As b2luigi automatically also imports luigi, you can use all the parameters from luigi you know and love. We have just added a single new flag called hashed to the parameters constructor. Turning it to true (it is turned off by default) will make b2luigi use a hashed version of the parameters value, when constructing output or log file paths. This is especially useful if you have parameters, which may include “dangerous” characters, like “/” or “{” (e.g. when using list or dictionary parameters). See also one of our FAQ.

Settings

b2luigi.get_setting(key, default=None)

b2luigi adds a settings management to luigi and also uses it at various places.

With this function, you can get the current value of a specific setting with the given key. If there is no setting defined with this name, either the default is returned or, if you did not supply any default, a value error is raised.

For information on how settings are set, please see set_setting. Settings can be of any type, but are mostly strings.

Parameters:
  • key (str) – The name of the parameter to query.
  • default (optional) – If there is no setting which the name, either return this default or if it is not set, raise a ValueError.
b2luigi.set_setting(key, value)

There are two possibilities to set a setting with a given name:

  • Either you use this function and supply the key and the value. The setting is then defined globally for all following calls to get_setting with the specific key.

  • Or you add a file called settings.json the the current working directory or any folder above that. In the json file, you need to supply a key and a value for each setting you want to have, e.g:

    {
        "result_path": "results",
        "some_setting": "some_value"
    }
    

    By looking also in the parent folders for setting files, you can define project settings in a top folder and specific settings further down in your local folders.

b2luigi.clear_setting(key)

Clear the setting with the given key

Other functions

b2luigi.on_temporary_files(run_function)

Wrapper for decorating a task’s run function to use temporary files as outputs.

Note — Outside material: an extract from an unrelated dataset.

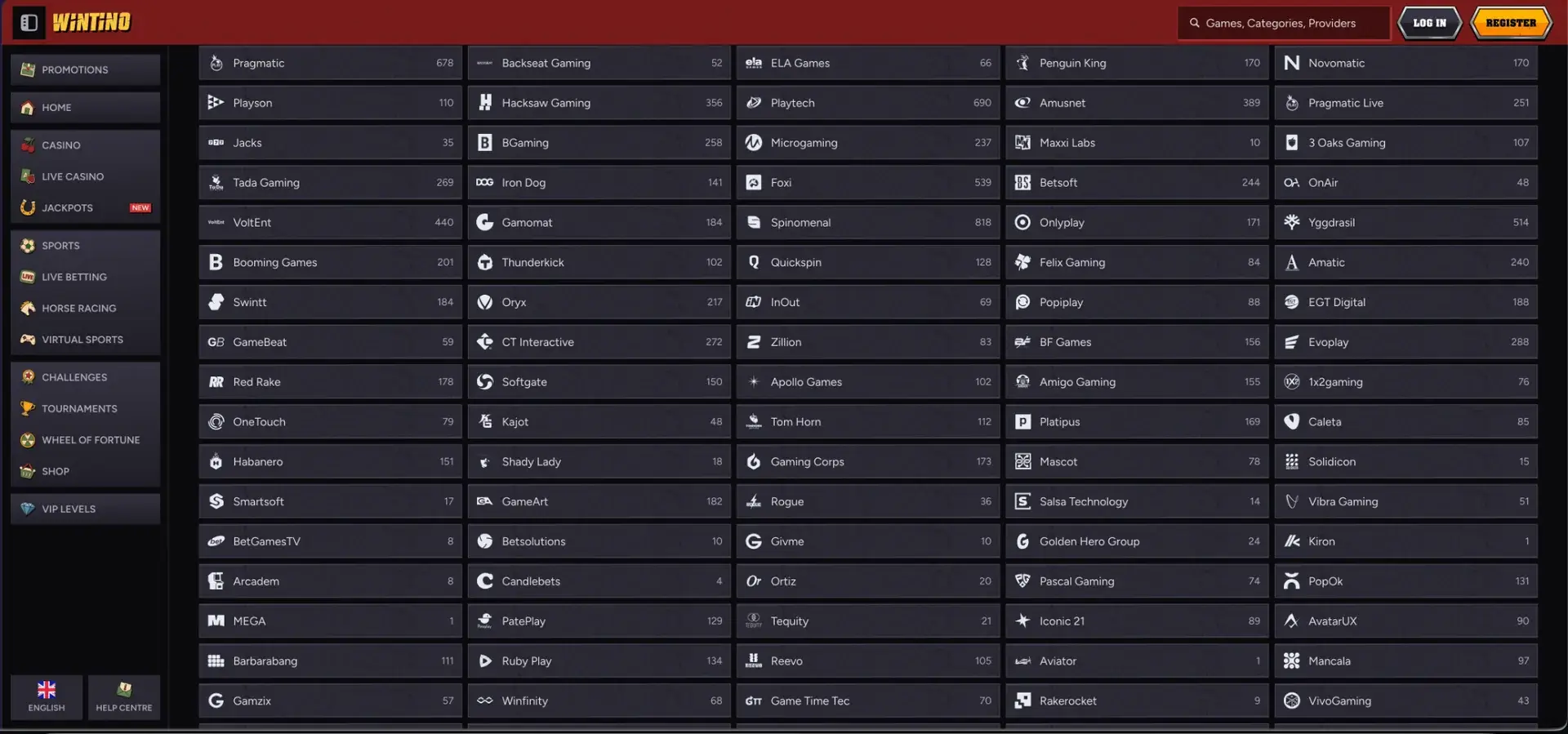 Wintino providers, filters and lobby navigation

A common problem when using long running tasks in luigi is the thanksgiving bug. It occurs, when you define an output of a task and in its run function you create this output and fill it with content during a long lasting calculation. It may happen, that during the creation of the output and the finish of the calculation some other tasks look if the output is already there, find it existing and assume, that the task is already finished (although there is probably only nonsense in the file).

A solution is already given by luigi itself, when using the temporary_path() function of the file system targets, which is really nice! Unfortunately, this means you have to open all your output files with a context manager and this is very hard to do if you have external tasks also (because they will probably use the output file directly instead of the temporary file version of if).

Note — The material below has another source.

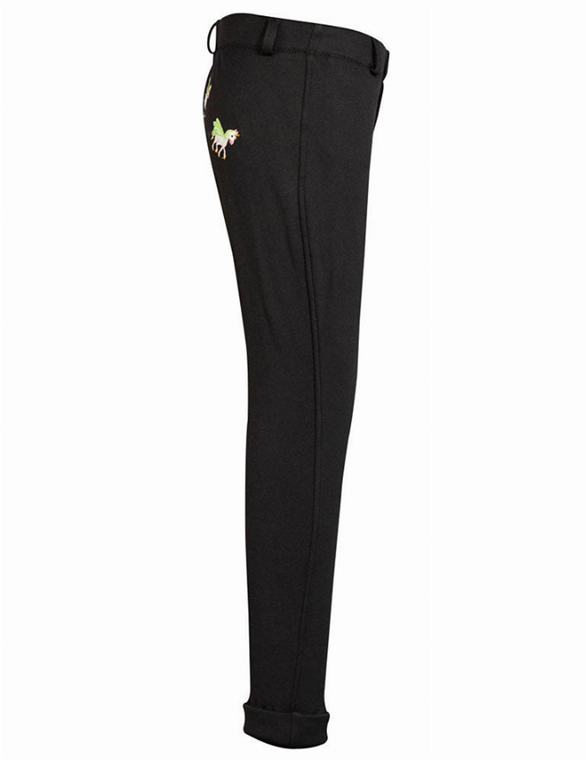 TuffRider Children's Unicorn Unifleece Pull-On Stretch Fleece Knee Patch Winter Jodhpurs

This wrapper simplifies the usage of the temporary files:

import b2luigi

class MyTask(b2luigi.Task):
    def output(self):
        yield self.add_to_output("test.txt")

    @b2luigi.on_temporary_files
    def run(self):
        with open(self.get_output_file_name("test.txt"), "w") as f:
            raise ValueError()
            f.write("Test")

Instead of creating the file “test.txt” at the beginning and filling it with content later (which will never happen because of the exception thrown, mich makes the file existing but the task actually not finished), the file will be written to a temporary file first and copied to its final location at the end of the run function (but only if there was no error).

Attention:

The decorator only edits the function get_output_file_name. If you are using the output directly, you have to take care of using the temporary path correctly by yourself!